* **Exercise goal**
Only the pictures stay out; every record is to be quoted exactly.
======== Dataset ========
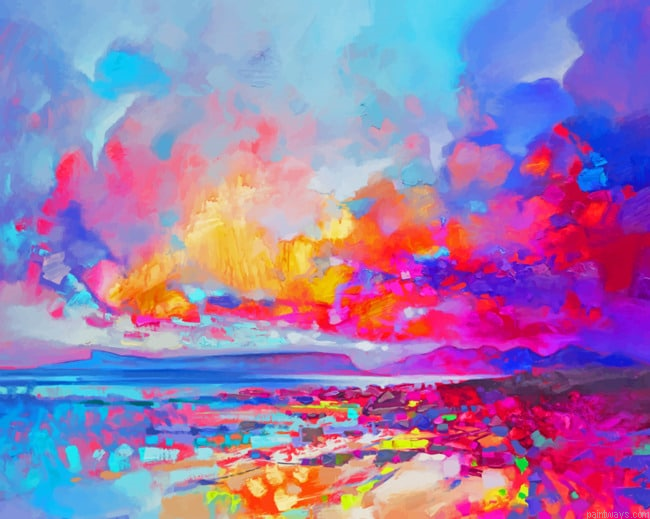 Colorful Art Abstract Painting By Numberss.png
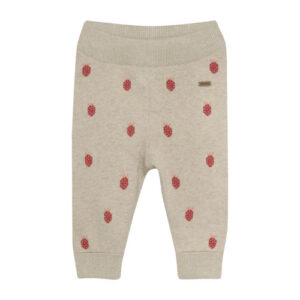 Minymo Strickhose Erdbeeren
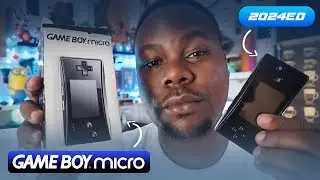 Gameboy Micro 2024 Review: A Blast from the Past 🕹️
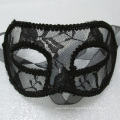 French lace fabric holloween costume sexy eye mask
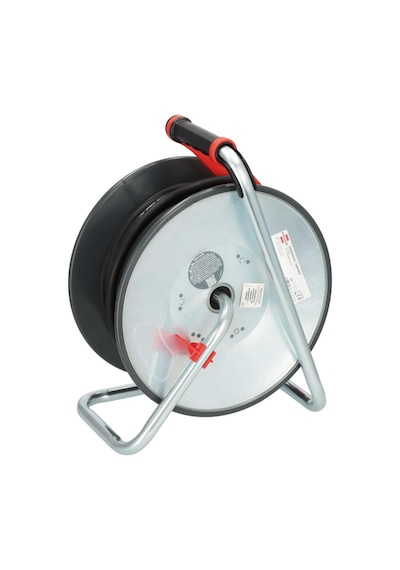 Brennenstuhl Professional Steelcore Serisi H07rn-f 3g2.5 Kablolu Sigorta Şalterli Ip44 Lisanslı 25 Metre Makaralı Priz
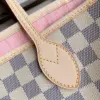 Louis Vuitton Neverfull Caro Pattern 32x29x17cm Bag with Pink Lining product view 5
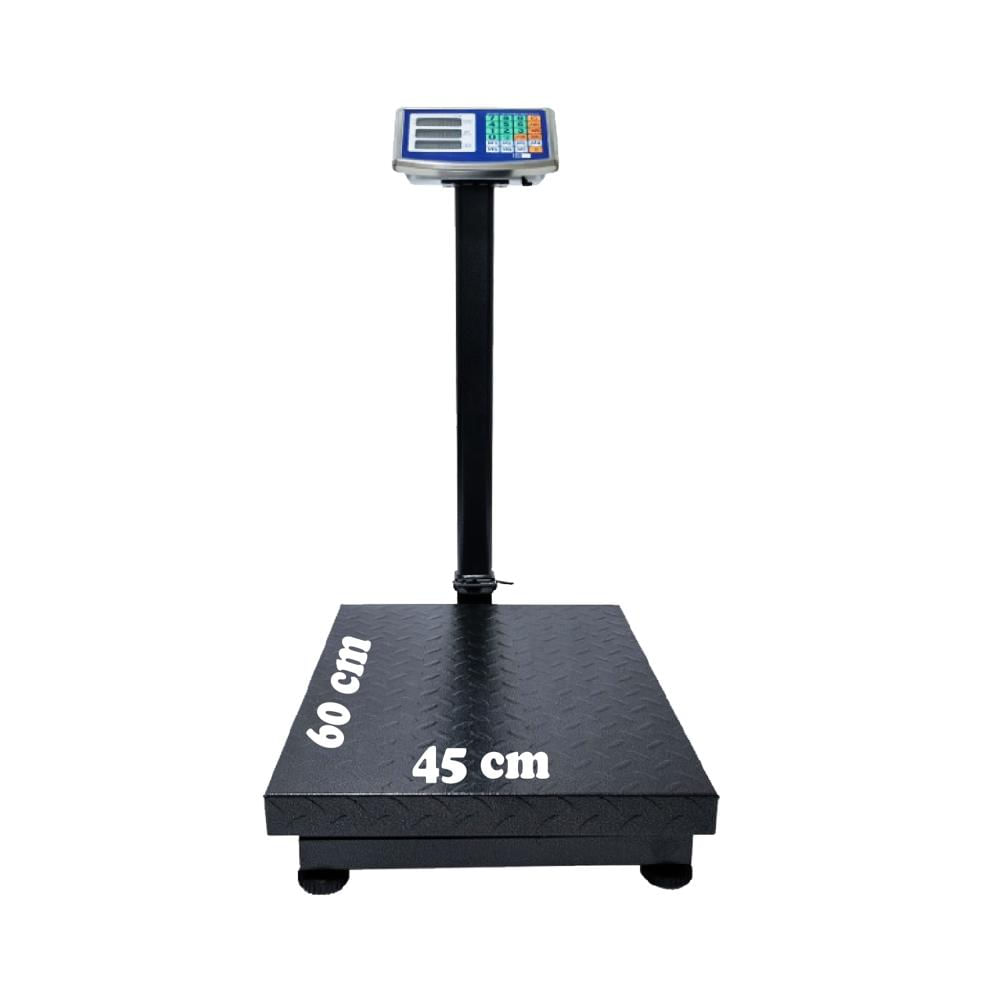 Balanza Industrial 500 Kg con Plataforma TCS-500KG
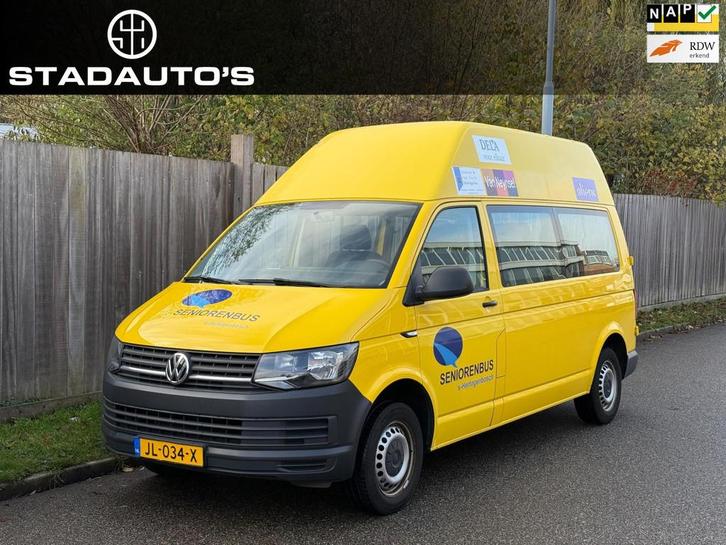 Volkswagen Transporter Kombi 2.0 TDI L2H4 Comfortline 7P NAP, Auto's, Volkswagen, Bedrijf, Te koop, Transporter, ABS, Airbags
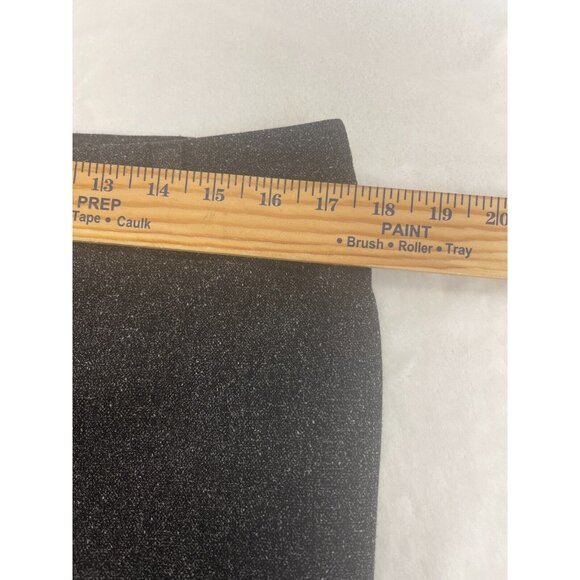 Charter Club Womens Charcoal Gray Speckled Straight Leg Pants Size 12 Flat Front - Picture 7 of 9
========
* **Reply**
 Colorful Art Abstract Painting By Numberss.png
 Minymo Strickhose Erdbeeren
 Gameboy Micro 2024 Review: A Blast from the Past 🕹️
 French lace fabric holloween costume sexy eye mask
 Brennenstuhl Professional Steelcore Serisi H07rn-f 3g2.5 Kablolu Sigorta Şalterli Ip44 Lisanslı 25 Metre Makaralı Priz
 Louis Vuitton Neverfull Caro Pattern 32x29x17cm Bag with Pink Lining product view 5
 Balanza Industrial 500 Kg con Plataforma TCS-500KG
 Volkswagen Transporter Kombi 2.0 TDI L2H4 Comfortline 7P NAP, Auto's, Volkswagen, Bedrijf, Te koop, Transporter, ABS, Airbags
 Charter Club Womens Charcoal Gray Speckled Straight Leg Pants Size 12 Flat Front - Picture 7 of 9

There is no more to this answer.